Per questi motivi--fondati sul mistero di Cristo e della sua missione--il
celibato, che prima veniva raccomandato ai sacerdoti, in seguito è stato
imposto per legge nella Chiesa latina a tutti coloro che si avviano a ricevere
gli ordini sacri. Questo sacro Sinodo torna ad approvare e confermare tale
legislazione per quanto riguarda coloro che sono destinati al presbiterato,
avendo piena certezza nello Spirito che il dono del celibato, così confacente
al sacerdozio della nuova legge, viene concesso in grande misura dal Padre, a
condizione che tutti coloro che partecipano del sacerdozio di Cristo con il
sacramento dell'ordine, anzi la Chiesa intera, lo richiedano con umiltà e
insistenza. Il sacro Sinodo esorta inoltre tutti i presbiteri, i quali hanno
liberamente abbracciato il sacro celibato seguendo l'esempio di Cristo e
confidando nella grazia di Dio, ad aderirvi generosamente e cordialmente e a
perseverare fedelmente in questo stato, sapendo apprezzare il dono meraviglioso
che il Padre ha loro concesso e che il Signore ha così esplicitamente esaltato
e avendo anche presenti i grandi misteri che in esso sono rappresentati e
realizzati.
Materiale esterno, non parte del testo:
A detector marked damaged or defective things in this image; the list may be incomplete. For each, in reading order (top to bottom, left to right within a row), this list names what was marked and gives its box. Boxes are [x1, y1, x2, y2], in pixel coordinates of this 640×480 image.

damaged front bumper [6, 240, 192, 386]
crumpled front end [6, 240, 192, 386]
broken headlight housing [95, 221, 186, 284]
E al mondo di oggi, quanto più la perfetta continenza viene
considerata impossibile da tante persone, con tanta maggiore umiltà e
perseveranza debbono i presbiteri implorare assieme alla Chiesa la grazia della
fedeltà che mai è negata a chi la chiede. Ricorrano allo stesso tempo ai mezzi
soprannaturali e naturali che sono a disposizione di tutti. E soprattutto non
trascurino quelle norme ascetiche che sono garantite dalla esperienza della
Chiesa e che nelle circostanze odierne non sono meno necessarie.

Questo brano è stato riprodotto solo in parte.